■ WORK INSTRUCTION
Copy nothing but the lines running from the one containing "人身监护权的内容具体包括哪些" through the end of the listing below. Drop the pictures.

■ AVAILABLE DATA

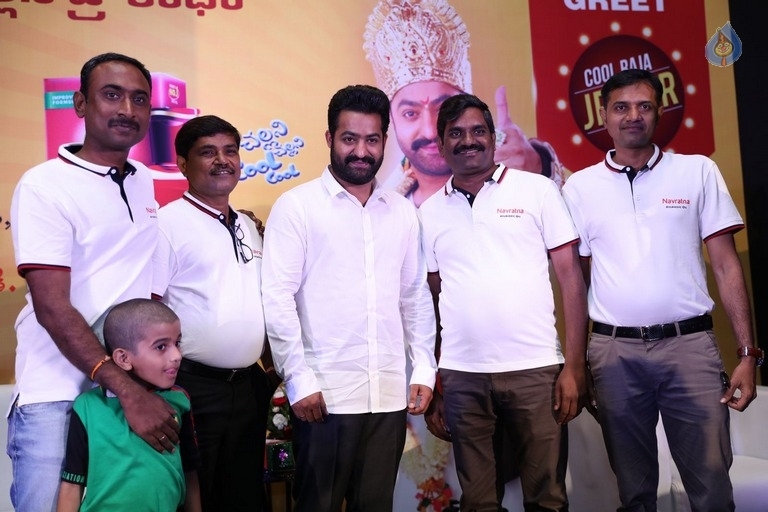 Jr NTR at Navratna Ayurvedic Oil Press Meet - 8 / 21 photos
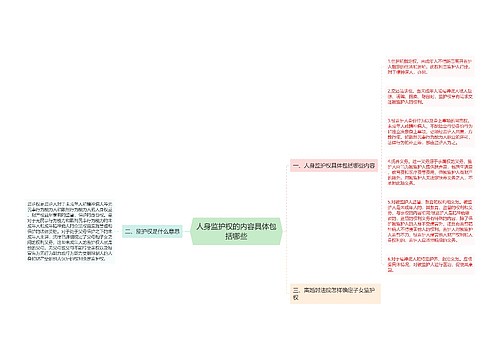 人身监护权的内容具体包括哪些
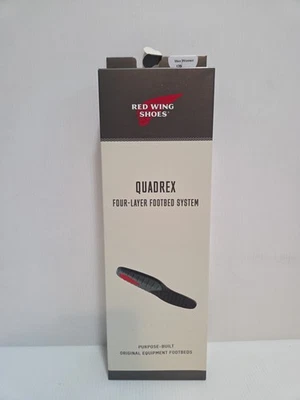 Red Wing Zapatos Sistema de Plantilla Quadrex Para Hombres 12D 96358 Almohadilla de Gel Moldeada Arco Espuma Top Foto 1 de 4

■ TASK RESULT
 人身监护权的内容具体包括哪些
 Red Wing Zapatos Sistema de Plantilla Quadrex Para Hombres 12D 96358 Almohadilla de Gel Moldeada Arco Espuma Top Foto 1 de 4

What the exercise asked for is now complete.